Sidestepping the arguments about moving to Canada, and what-not, there seems to be a disconnect between:

PvP (moreso PvM) where level is an effective measure of the relative abilities of opposing actors, and,

PvE, where the environment presents challenges which are fixed.

Here "P" is Player, "M" is monster, and "E" is environment.

Since there is no real "PvP', the key conflicts are "PvM" and "PvE".

The skills are tuned to make PvM work, and to make PvE work in cases where the player is trained and truly improving in a particular ability.

The skills fail utterly in PvE cases where the player does not improve in a particular ability (or does not improve in a significant amount). A player only gets a little better at everything, but a lot better at only a few things.

I personally find this an issue in that PvE immersion suffers. That is important to me because PvE immersion (which to me is a big part of the "role" in role playing) is an important part my games.

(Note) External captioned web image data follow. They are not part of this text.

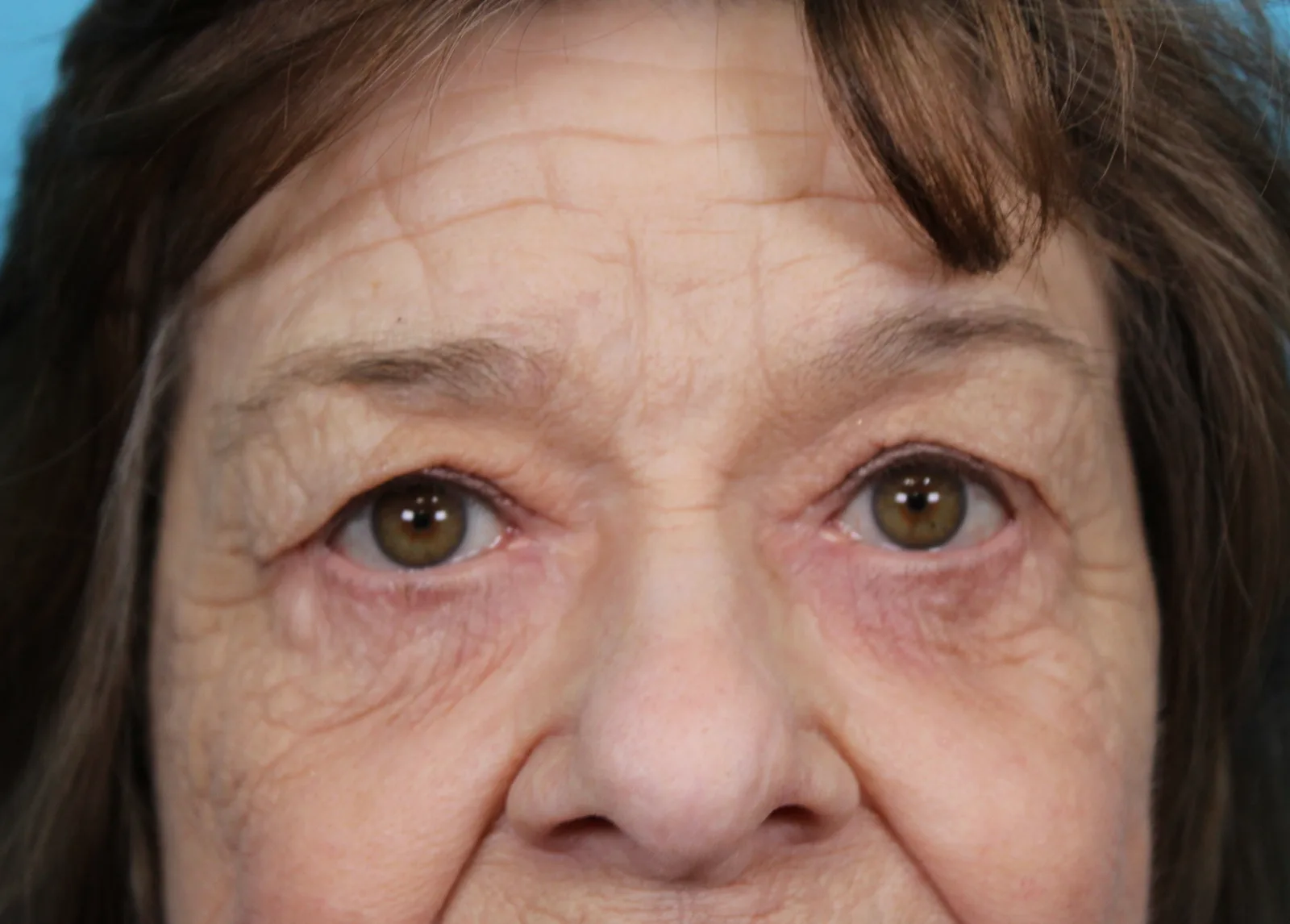 Upper Blepharoplasty Before & After Patient #4669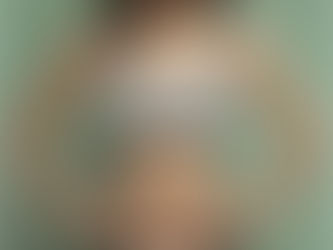 Lipocavitação: A Nova Solução para Gordura Localizada II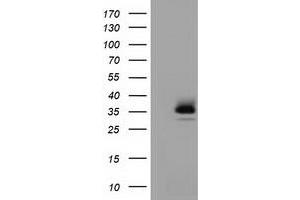 HEK293T cells were transfected with the pCMV6-ENTRY control (Left lane) or pCMV6-ENTRY RFPL1 (Right lane) cDNA for 48 hrs and lysed. (RFPL1 antibody)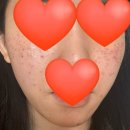 444 | [압구정] 루비레이저 주근깨 제거 444샷 내돈내산 14일 후기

I'd like to side-step the issue of simulationism: My goal is not to simulate the player / environment interaction. My goal is to produce results via simple rules that produce results that maintain my sense of immersion.

Long pause ...

I don't see any quick fixes ... since PvM checks add the 1/2 level bonus to both attacks and into defenses (e.g. Str vs Fort). That ripples all throughout the system of opposing checks. The best that I can think of is to completely remove the 1/2 level bonus for _everything_ (including attacks) and to grant bonuses only for feats and class features. (Which actually, IMO, sounds very interesting. And, since the 1/2 level bonus is applied all over, it is pretty easy to take out. And, since both players and monsters gain extra hit points as they gain levels, that already has an effect of making higher level players or monsters more durable.)
 

Mallus

Legend
Thasmodious said:
I could be mistaken, but I don't think Mallus was disagreeing with you about deadlifting 8000 lbs, only about the source of the +1/2 lvl bonus.
Right. If the task is impossible, then there's no need for an ability check in the first place. If a DM allows the roll, that implies the check has meaning.

It is a neat way of looking at it, that the bonus is not so much experience, but a character tapping further into the cosmic source of his power (arcane, divine, martial, etc) as he grows in heroic (or diabolic) stature.
That's exactly what I meant.
 

Mallus

Legend
katahn said:
Specifically I said if opening a portcullus requires deadlifting 8,000lbs...
Then aren't you really saying that this isn't the proper place for an ability check in the first place?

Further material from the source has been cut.